In February 2020, Honda announced that would change, and with the launch of the new version, Europeans will only have the choice of an electrified Jazz, as the model would sell “exclusively across Europe with an advanced hybrid powertrain.”

1Exterior design & features

Borrowing a lot of styling cues from the electric Honda e – cues that we will extensively see in the future on other Honda models as well – the new Jazz keeps true to the segment it is part of.

The car measures 3,995 mm in length, 1,694 mm in width, and 1,539 mm in height, while riding on a 2,530 mm wheelbase.

There are a few changes, visually speaking, compared to the previous model. They include an A-pillar that is half the width of the one used before, as a means to improve forward visibility. The modification was made possible because of the improved torsional rigidity of the new body.

The overall lines of the car have changed as well, making it look wider and closer to the ground. A small roof spoiler is available at the rear, above the new light cluster.

For the first time, the Jazz is offered in both the conventional body style, and a Crosstar variant that move the range closer to the crossover segment.

2Interior design, features
and passenger space

The interior of the new Jazz has become more modern than the one used on the 2017 version.

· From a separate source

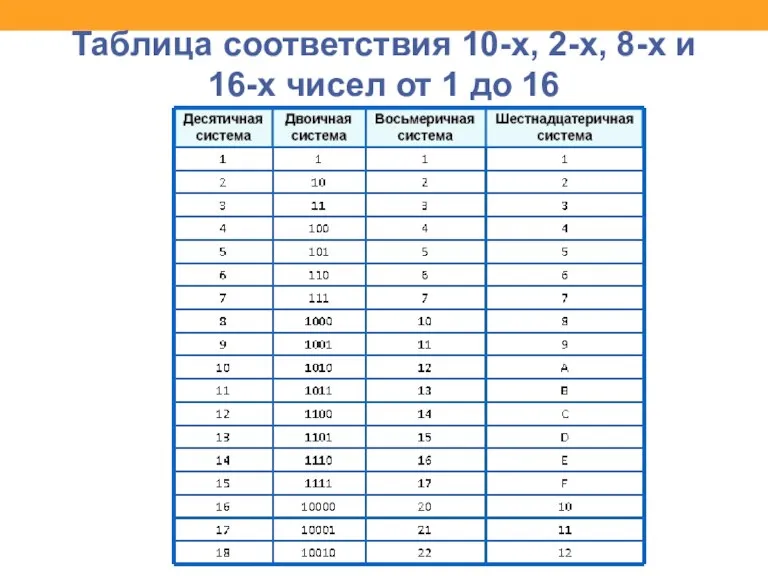 Таблица соответствия 10-х, 2-х, 8-х и 16-х чисел от 1 до 16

There’s a completely new shape of the dashboard, that now features a center-mounted touchscreen, and the instrument cluster has gone fully digital. Physical controls remain, as per the request of the customers, Honda says, for heating and ventilation.

The biggest challenge for Honda engineers was to make the new Jazz as roomy as the one before it, despite having to fit more hardware for the hybrid powertrain. To that effect, several modifications had to be made to the engine intake system, the transmission, and the power control unit.

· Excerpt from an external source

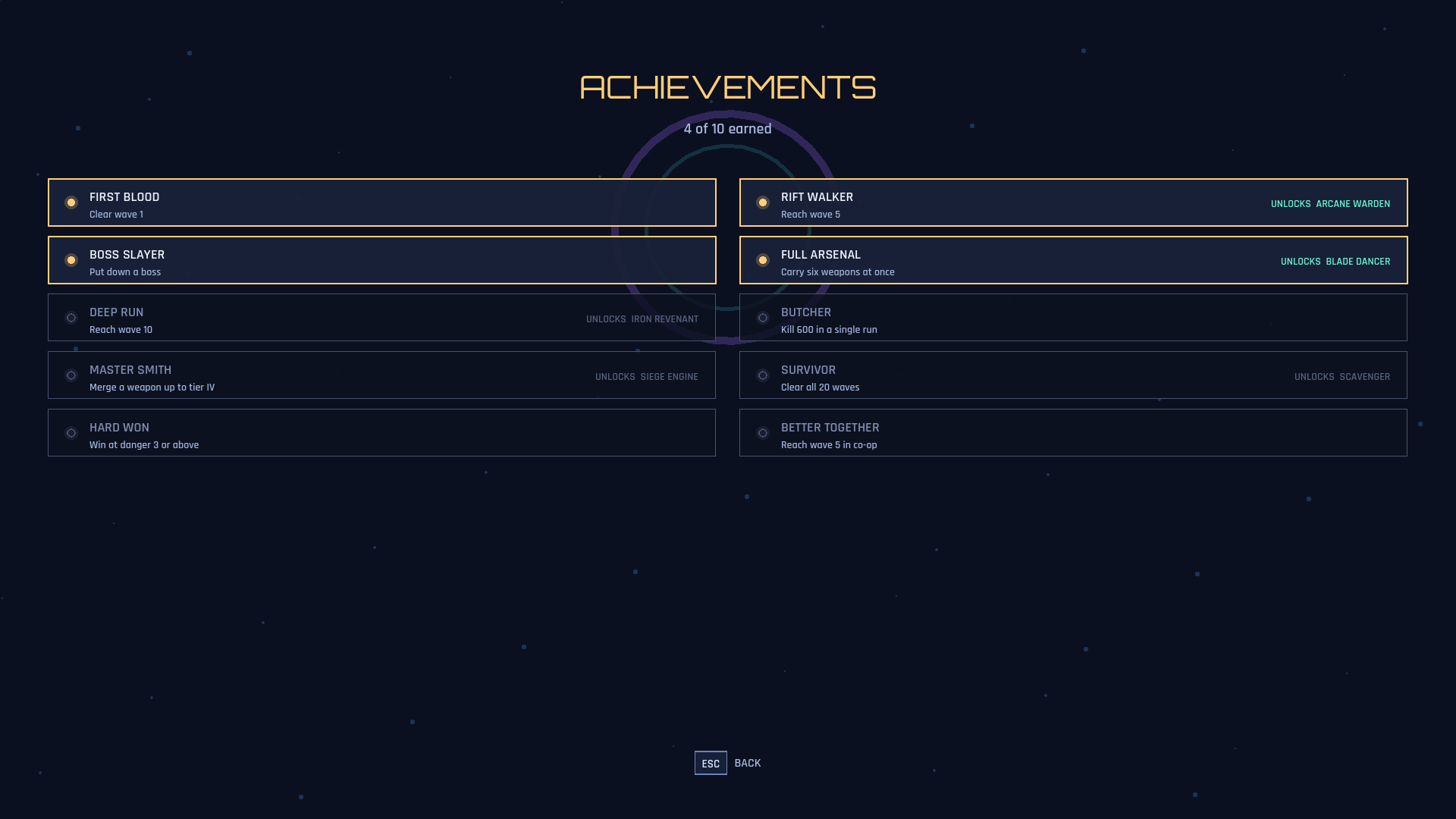 Ten achievements, five of which unlock a survivor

With careful cuts and additions, and with the fitting of the fuel tank beneath the front seats, in the center of the chassis, Honda managed to squeeze 298 liters of space for cargo with the rear seats in a normal position and 1,203 liters with them folded down.


The three years that separate the new and old versions of the Jazz are mostly visible when it comes to the technology available.

The new Jazz comes with a center touchscreen that can be used to access information about weather, parking locations, music, navigation, location finding, and telephone services. As far as the other control means of operation go, time for the most regularly-used controls is reduced by 58% compared with the previous model, Honda says.

The new Jazz is Android Auto and Apple CarPlay compatible, either wirelessly or via an USB cable, and for the first time the model offers a Wi-Fi hotspot. Also, the Personal assistant that debuted on the Honda e is available as well.


As said, the new Jazz is going exclusively electrified in Europe, in a form called e:HEV. That’s Honda speak for a regular hybrid powertrain that brings together an internal combustion engine, electric motors and a battery.

The ICE unit in this case is a 1.5-liter DOHC i-VTEC gasoline, linked to two electric motors, a lithium-ion battery, and a fixed-gear transmission. Available in three driving modes, the combined powertrain develops 109 ps and 253 Nm of torque, translating into an acceleration time of 9.4 seconds and a top speed of 175 kph (108 mph).

The combined fuel economy for the new Jazz with this powertrain is 4.5l/100km as measured according to the WLTP procedure, and 4.8l/100km for the Crosstar variant.


The new Jazz is equipped as standard with more safety systems than ever before. Even the number of airbags has been increased to ten, with the addition of a new front center airbag, located in the driver's seat back and ready to expand to the side.

For the first time, the new Jazz comes with adaptive cruise control and lane keeping assist. There’s a new wide camera for increased front view, and a collision mitigation system that has been improved to detect pedestrians and cyclists during night time.

As on other Honda models, the Sensing suite of safety technologies is available, with speed limiter, high-beam headlights and traffic sign recognition.


The 2021 Jazz e:HEV is the first step of a larger Honda plan that calls that by 2022 all its mainstream European sales to be electrified vehicles.

The new Jazz goes on sale on the continent in the summer of 2020. Prices start in Germany at €22,000 for the Jazz and €26,250 for the Crosstar variant.